Go to the line with "SWANY STARTTS レア キャリーケース 3way" in the records below, then output it and each following line exactly, up to and including the line with "yanagihara-kun bị bệnh". Skip pictures and add nothing.

▸ Record extracts:
• • • •
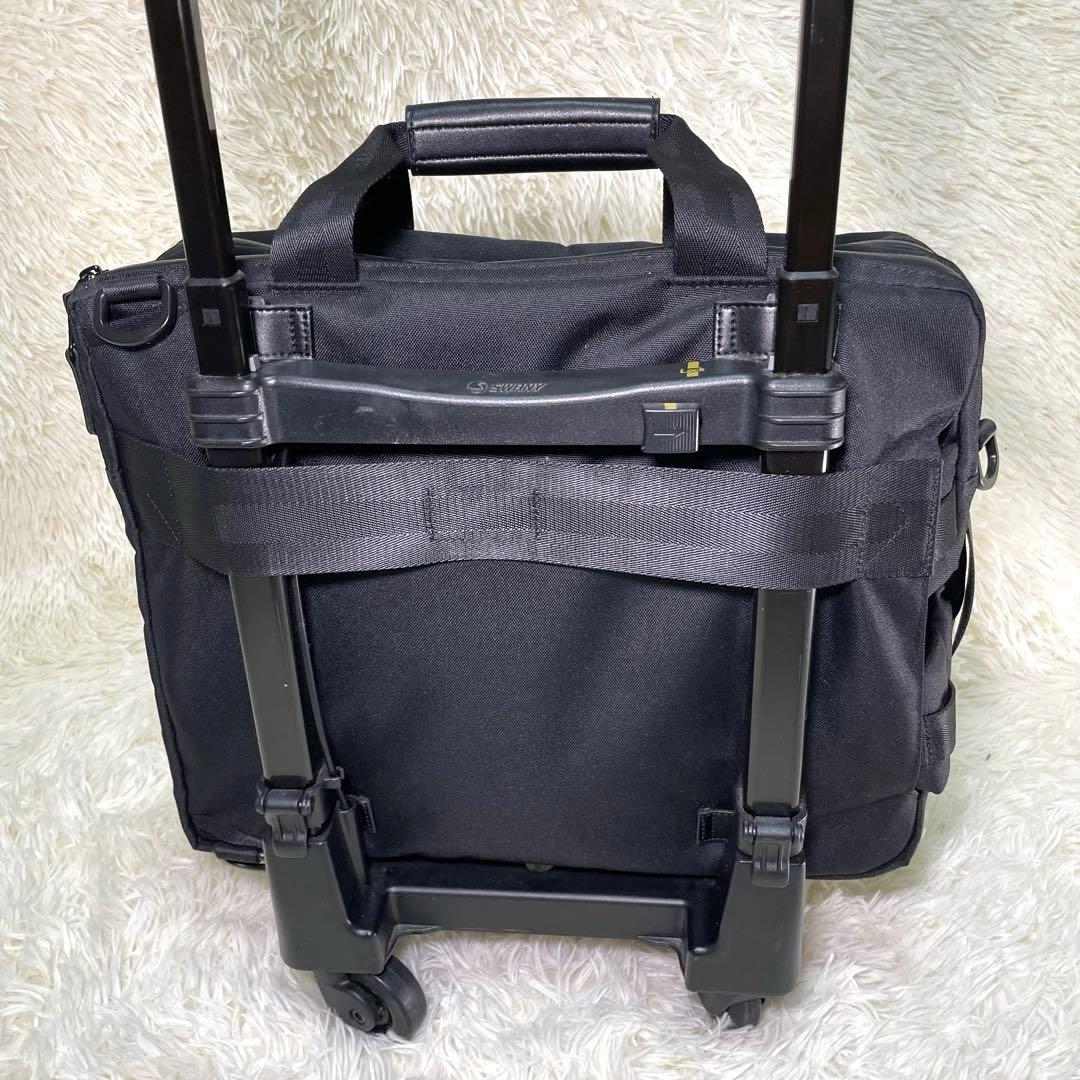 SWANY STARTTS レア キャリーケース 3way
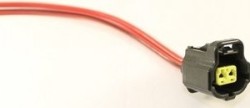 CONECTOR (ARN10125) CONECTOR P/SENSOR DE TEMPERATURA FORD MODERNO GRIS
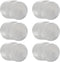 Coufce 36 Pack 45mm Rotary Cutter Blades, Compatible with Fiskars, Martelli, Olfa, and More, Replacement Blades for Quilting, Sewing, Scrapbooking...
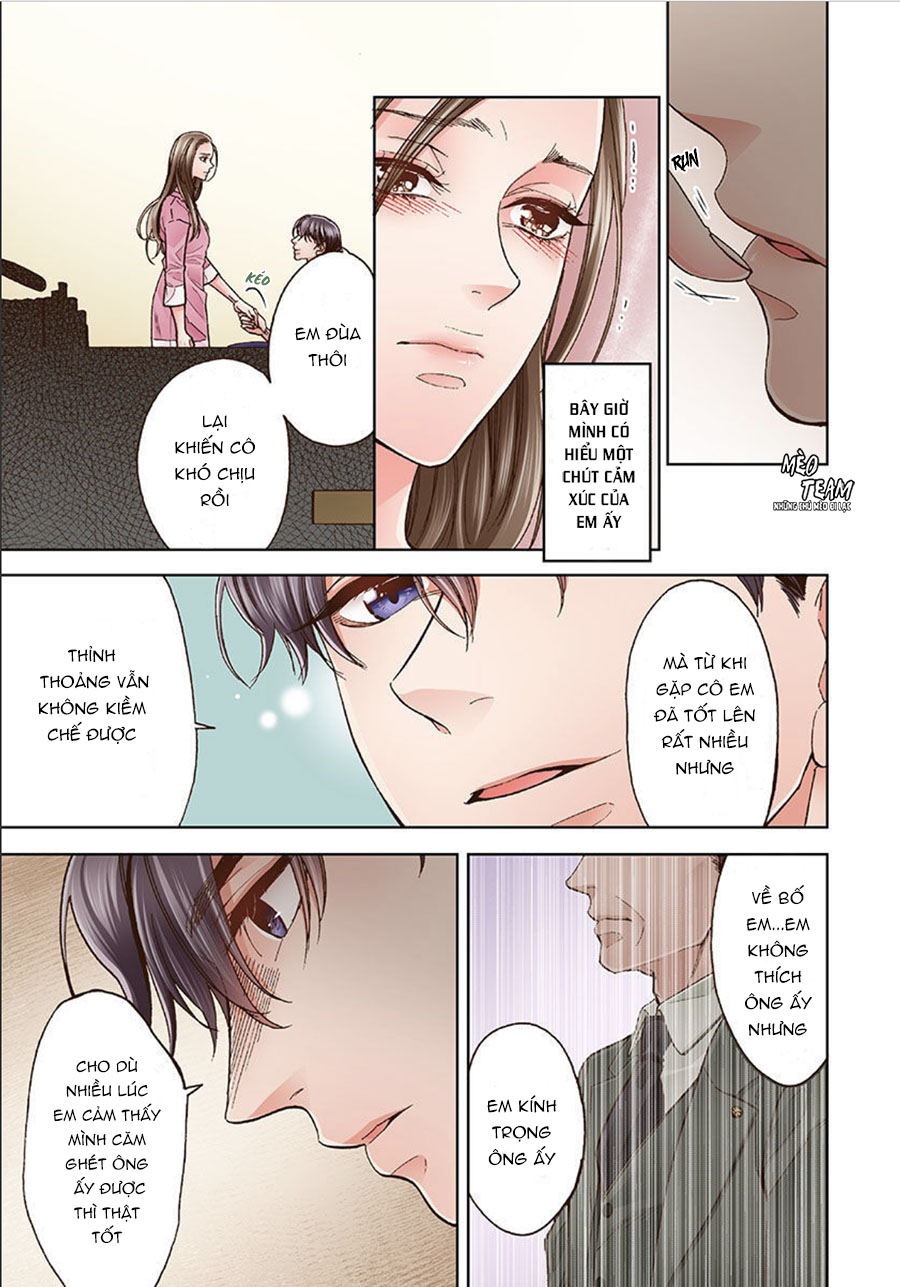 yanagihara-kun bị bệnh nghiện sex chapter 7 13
• • • •
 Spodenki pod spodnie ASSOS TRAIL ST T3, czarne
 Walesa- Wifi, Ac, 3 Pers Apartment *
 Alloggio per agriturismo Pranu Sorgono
• • • •
▸ Response to this task:
 SWANY STARTTS レア キャリーケース 3way
 CONECTOR (ARN10125) CONECTOR P/SENSOR DE TEMPERATURA FORD MODERNO GRIS
 Coufce 36 Pack 45mm Rotary Cutter Blades, Compatible with Fiskars, Martelli, Olfa, and More, Replacement Blades for Quilting, Sewing, Scrapbooking...
 yanagihara-kun bị bệnh nghiện sex chapter 7 13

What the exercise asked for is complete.